Improved dynamical scaling analysis using the kernel method for nonequilibrium relaxation

The dynamical scaling analysis for the Kosterlitz-Thouless transition in the nonequilibrium relaxation method is improved by the use of Bayesian statistics and the kernel method. This allows data to be fitted to a scaling function without using any parametric model function, which makes the results more reliable and reproducible and enables automatic and faster parameter estimation. Applying this method, the bootstrap method is introduced and a numerical discrimination for the transition type is proposed.

Figure 1

Relaxation of magnetization for the $XY$ model in two dimensions for $T=0.92,0.93,0.94,0.95,0.96,0.97,0.98,0.99,1.00,1.01,1.02,1.05$ plotted on a double-logarithmic scale. For each temperature, 100 data points are chosen so as to give equal intervals on the $X$ axis.

Figure 2

Scaling plot for the data in Fig. 1 with $T_{\text{KT}}=0.8955$ and $\lambda =0.069$.

Figure 3

Relaxation of magnetization for the $XY$ model in two dimensions including $T=0.91,0.90$. The data points for $T=0.90$ have no overlap with those for other temperatures.

Figure 4

Scaling plot for the data in Fig. 3 with $T_{\text{KT}}=0.8977$ and $\lambda =0.070$. The isolated sector corresponds to the data for $T=0.90$.

Figure 5

Example of random sampling for the relaxation of magnetization for the $XY$ model in two dimensions. For each temperature, 100 data points are chosen at random along the $X$ axis.

Figure 6

Scaling plot for the data in Fig. 5.

Figure 7

Relaxation of magnetization for the Ising model in two dimensions for $T=2.268$ and 2.270 with a double-logarithmic scale. Note the upward trend for $T=2.268$ and the downward trend for 2.270.

Figure 8

Relaxation of magnetization for the Ising model in two dimensions for $T=2.270,2.271,2.272,2.273,2.274,2.275,2.276,2.277,2.278,2.279$ with a double-logarithmic scale.

Figure 9

Relaxation of magnetization for the $XY$ model in two dimensions for $T=0.89$ and 0.92 with a double-logarithmic scale. The trend is weak and hard to observe, but the data indicate a downward trend for $T=0.92$ and an almost straight line for 0.89.

Figure 10

Estimated relaxation time $\tau$ for the Ising model in two dimensions.
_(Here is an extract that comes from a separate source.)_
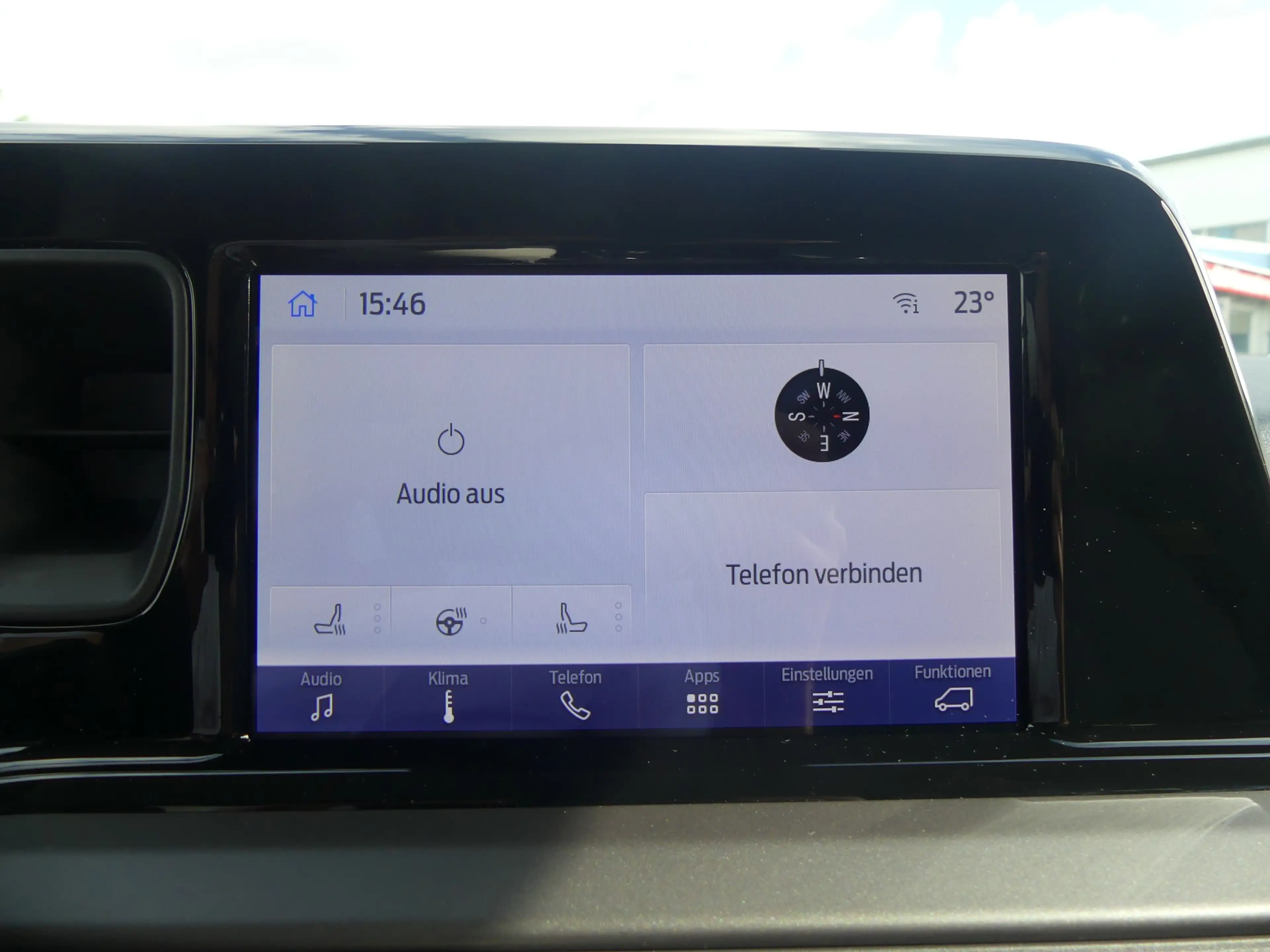 Ford Tourneo Courier Titanium 1.0 EB AHK Kamera — photo 12
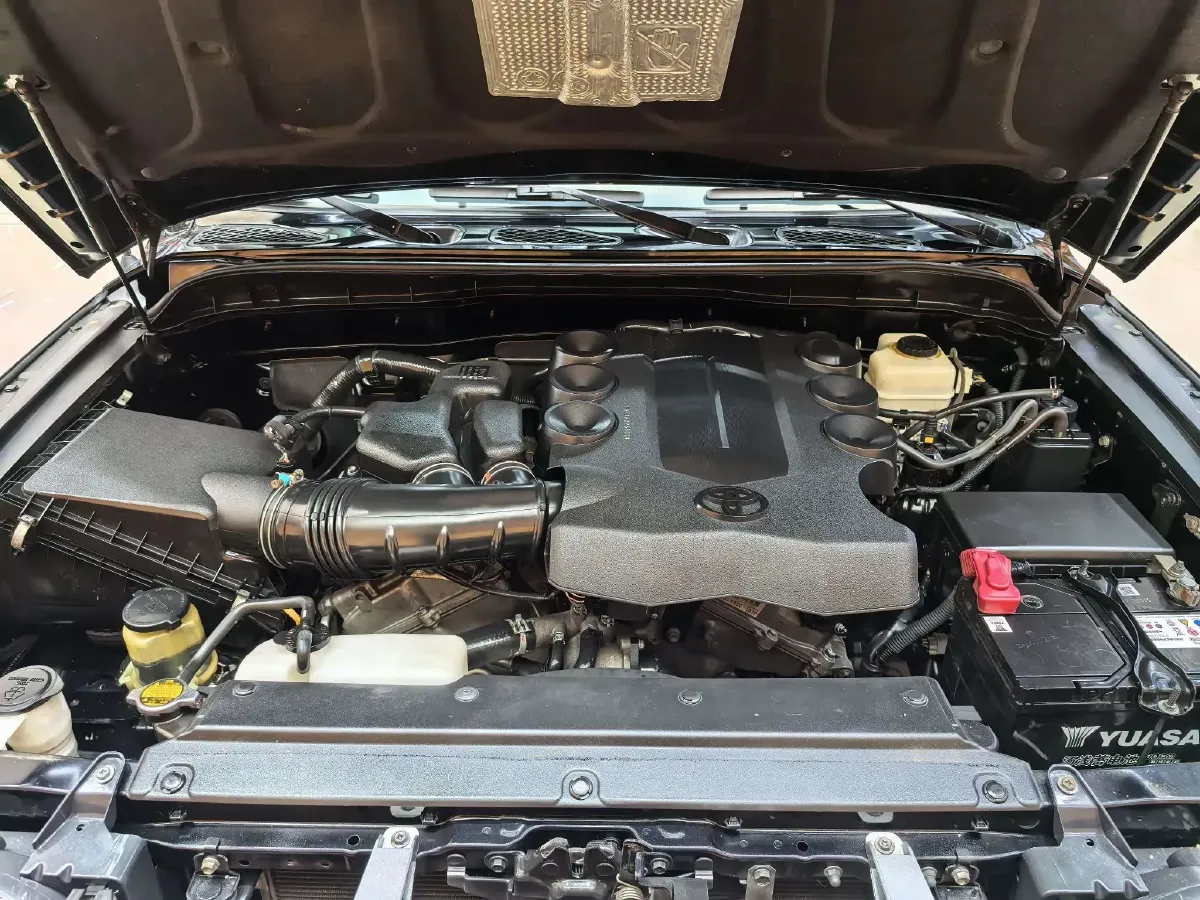 2010 Toyota FJ Cruiser 4.0L 272HP V6 5AT,autocango,china used car exporter,china ev exporter,chinese used car exporter,chinese used ev exporter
Three different dynamical scaling results are plotted for the function $\tau \left(T\right)$ under the assumption of a second-order transition, KT transition, and without assumption (closed circles).

Figure 11

Estimated relaxation time $\tau$ for the $XY$ model in two dimensions. Three different dynamical scaling results are plotted for the function $\tau \left(T\right)$, under the assumption of a second-order transition, KT transition, and without assumption (closed circles).